EFFICIENT BIG DATA ANALYSIS ON COVID-19 MEDICAL DATA USING MACHINE LEARNING TECHNIQUES
Keywords:
Big Data Analytics, Regression analysis models, Machine learning, Health care, Covid -19, feature selection, medical data, Classification.Abstract
In the present technological era, massive amounts of big data are rendered and gathered from various rich data sources. These big data can be of distinct levels of integrity because some are actual while others are vague and indecisive. Embedded in these big data are valuable data and valuable knowledge. Examples of these big data are healthcare and epidemiological data, such as data related to patients who are sorrowed from epidemic illnesses like the coronavirus disease 2019 (COVID-19). Due to the quick spread of COVID-19 to almost every part of the world, massive volumes of data and case investigations have been created, providing investigators with a special opportunity to discover tendencies and make findings like never before by leveraging such big data.

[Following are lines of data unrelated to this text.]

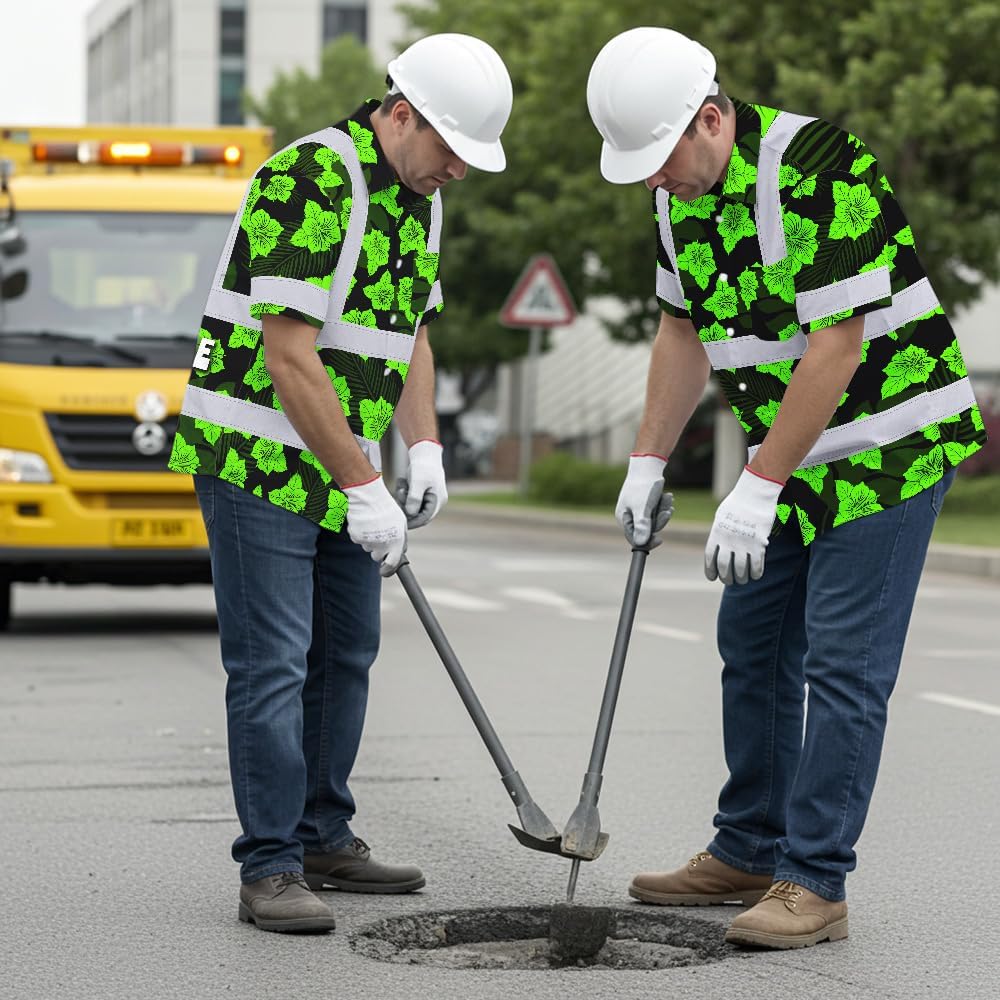 High Visibility Hawaiian Shirt for Men Tropical Shirts Custom Name Floral Outfit Reflective Safety Workwear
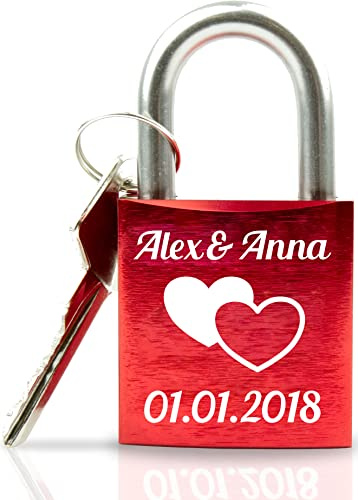 Geschenkfreude Liebesschloss mit Gravur und Schlüssel - rot - Doppelherz | Valentinstagsgeschenk, Liebesschloss mit Gravur, personalisiertes Liebesschloss, Geschenke für Paare, Pärchengeschenk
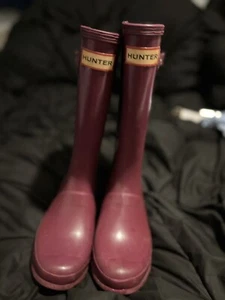 Hunter Girls Original Purple Tall Rain Winter Boots Waterproof Size 3/4 - Picture 1 of 9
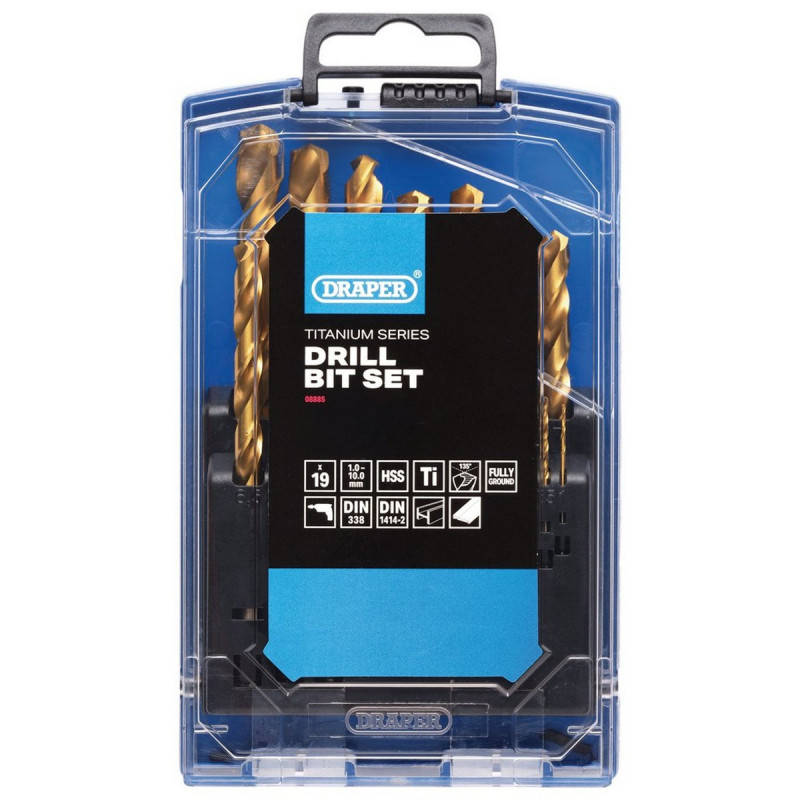 Set de burghie DRAPER cu acoperire de titan, din oțel rapid (HSS) (19 piese) - DRA-08885 - D08885 - 5059482059933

This paper demonstrates the growing database of COVID-2019 has been studied from March 1, 2020, to April 11, 2020, and the next one is forecasted for the number of patients suffering from the rising COVID-2019.Various regression analysis models have been operated for data analysis of COVID-2019 in India based on data kept by Kaggle from 1 March 2020 to 11 April 2020. In this analysis, we have performed three regression analysis-based models, namely quadratic, sixth-degree, and exponential polynomial, respectively, for the COVID-2019 dataset. We have calculated these three regression analysis models’ roots mean square error (RMSE). In these three models, the RMSE of a sixth-degree polynomial is significantly less than others, like a quadratic and exponential polynomial. Thus, the sixth-degree polynomial regression model is an excellent model for predicting the next coming days for COVID-2019 data analysis in India.